● **What the exercise asks**
Copy the entries below exactly; any picture among them should be left out.

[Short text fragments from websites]
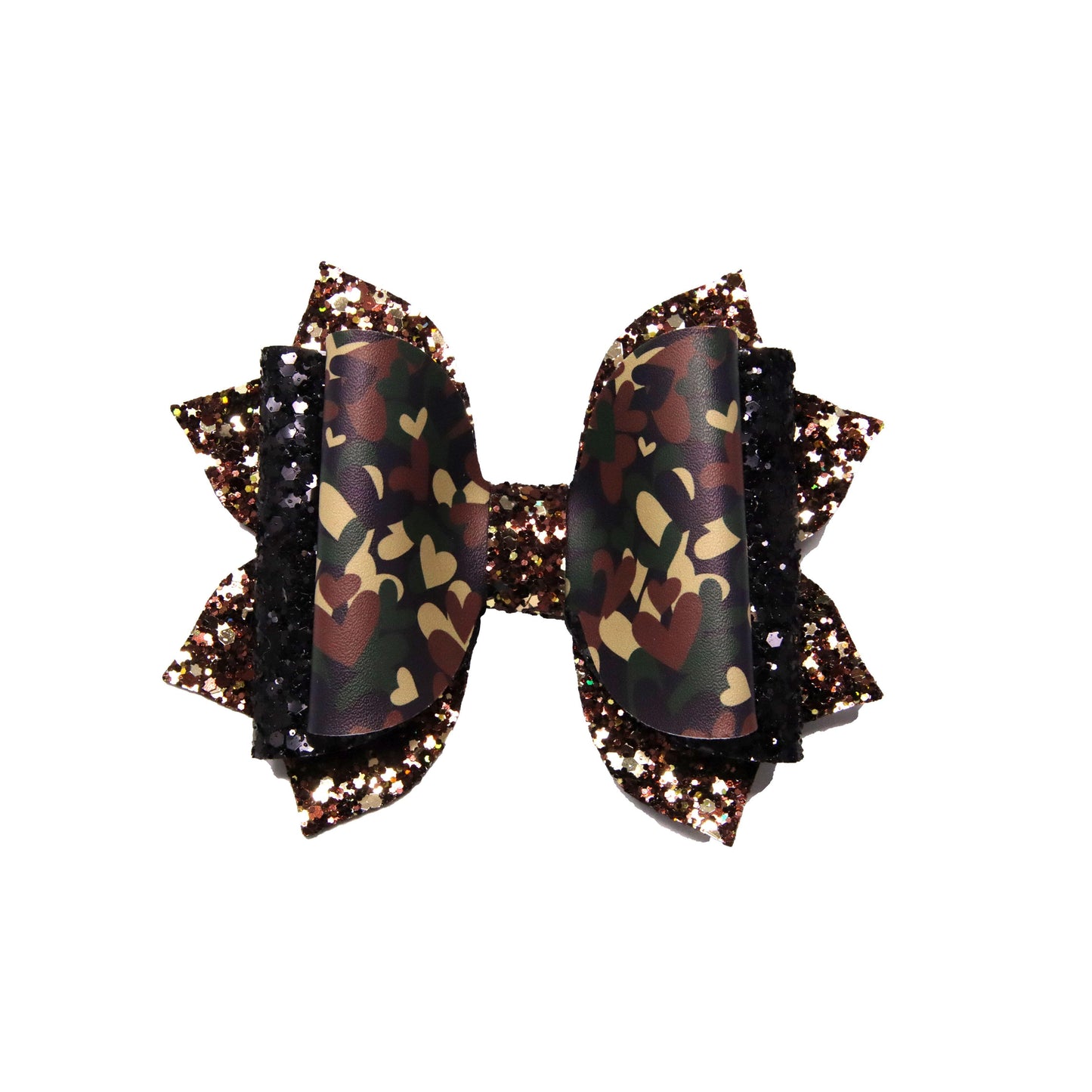 Camo Hearts Double Elegant Bow 5"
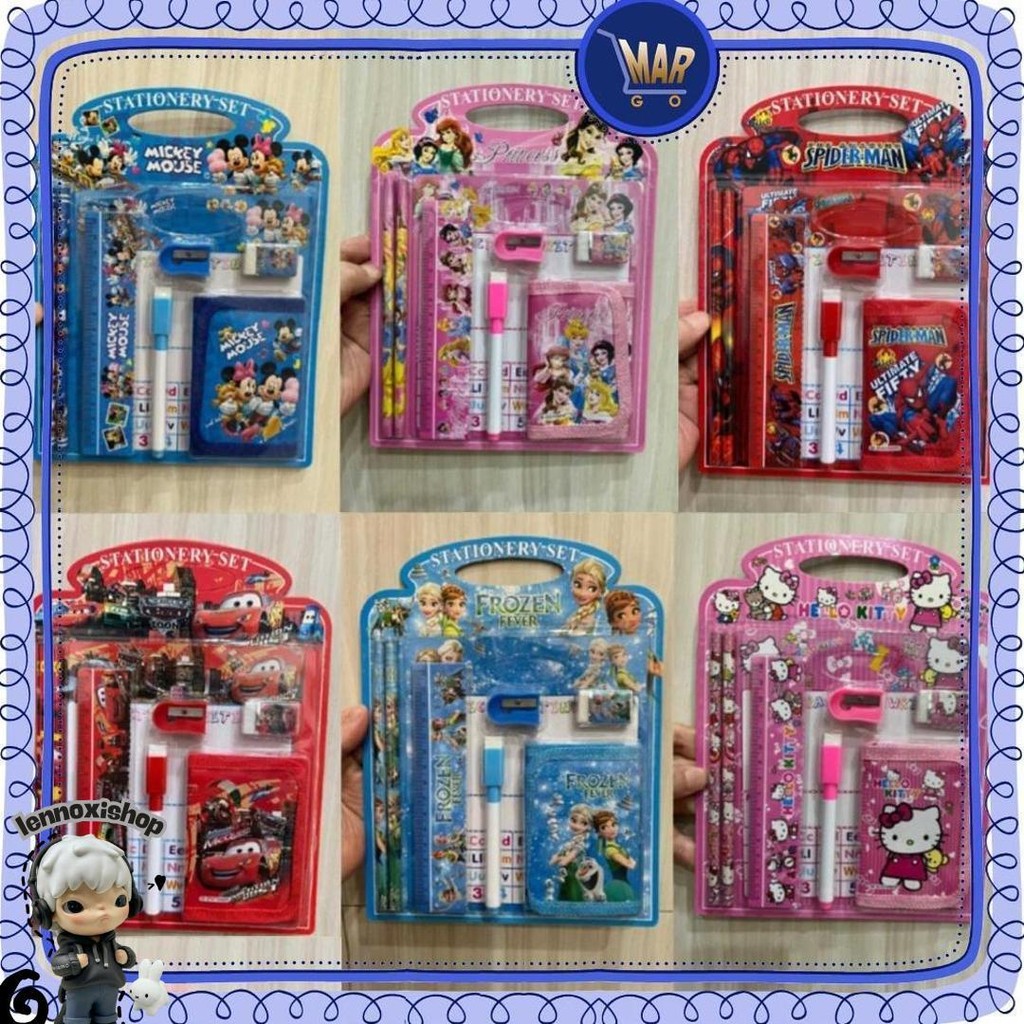 

Alat Tulis Set Perlengkapan Pensil Sekolah Anak Kado Hadiah Ulang Tahun Souvernir Anak Murah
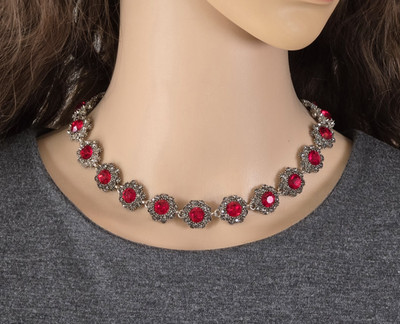 Red Rhinestone Necklace Victorian Style 16 In Statement Special Occasion Silver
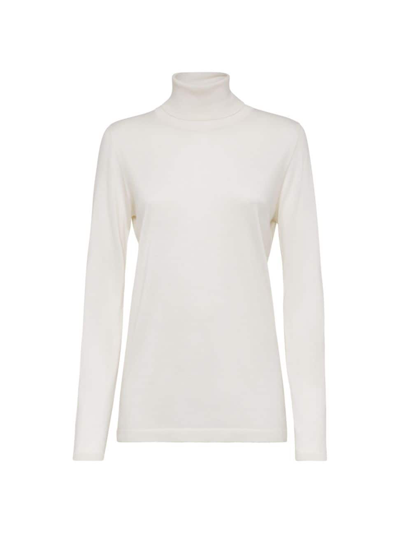 Shop Brunello Cucinelli Women's Cashmere And Silk Lightweight Turtleneck Sweater In White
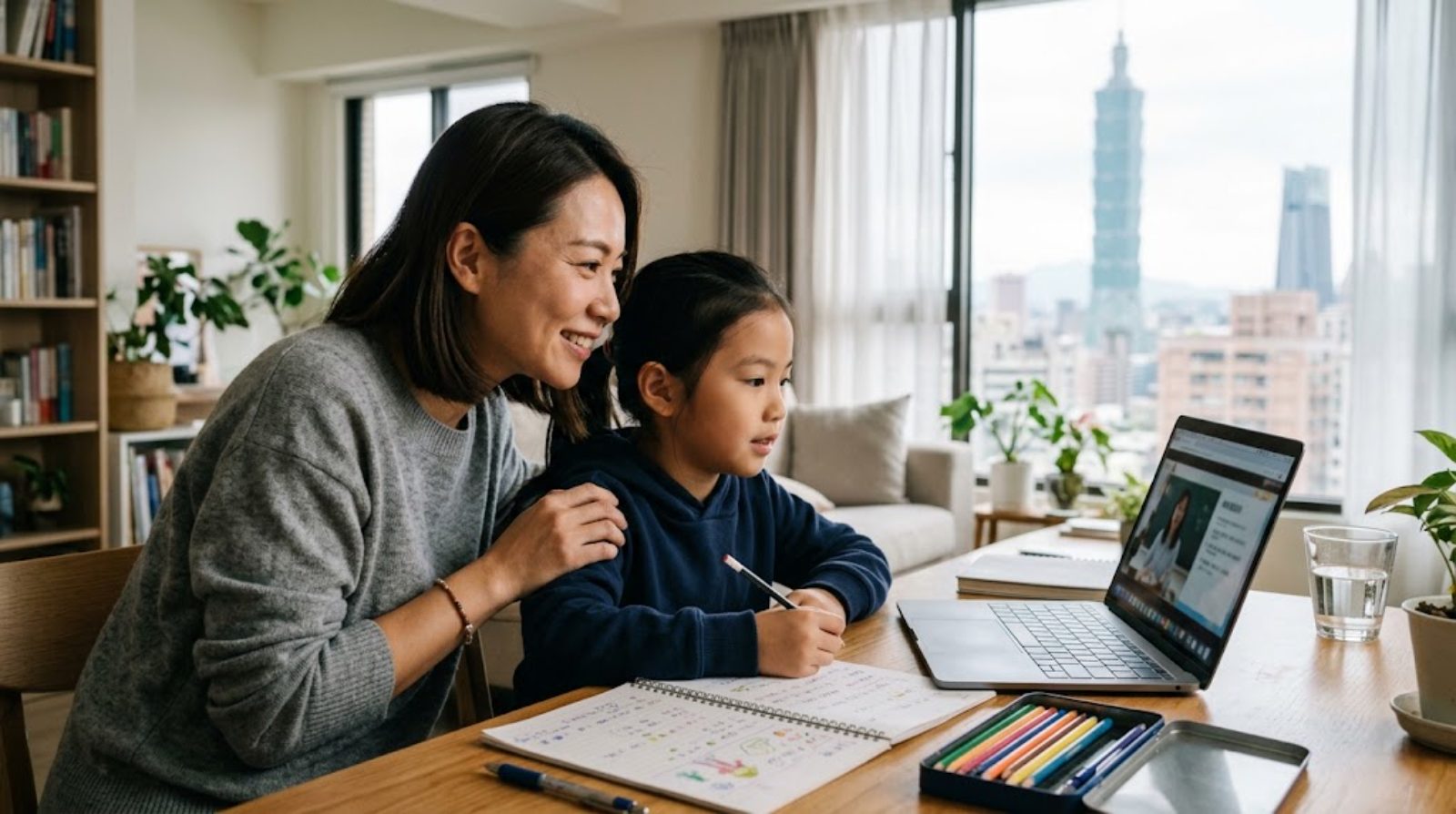 台北の自宅リビングで、ノートパソコンを前にオンライン授業に参加する子どもと寄り添う保護者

● **Answer**
 Camo Hearts Double Elegant Bow 5"

Alat Tulis Set Perlengkapan Pensil Sekolah Anak Kado Hadiah Ulang Tahun Souvernir Anak Murah
 Red Rhinestone Necklace Victorian Style 16 In Statement Special Occasion Silver
 Shop Brunello Cucinelli Women's Cashmere And Silk Lightweight Turtleneck Sweater In White
 台北の自宅リビングで、ノートパソコンを前にオンライン授業に参加する子どもと寄り添う保護者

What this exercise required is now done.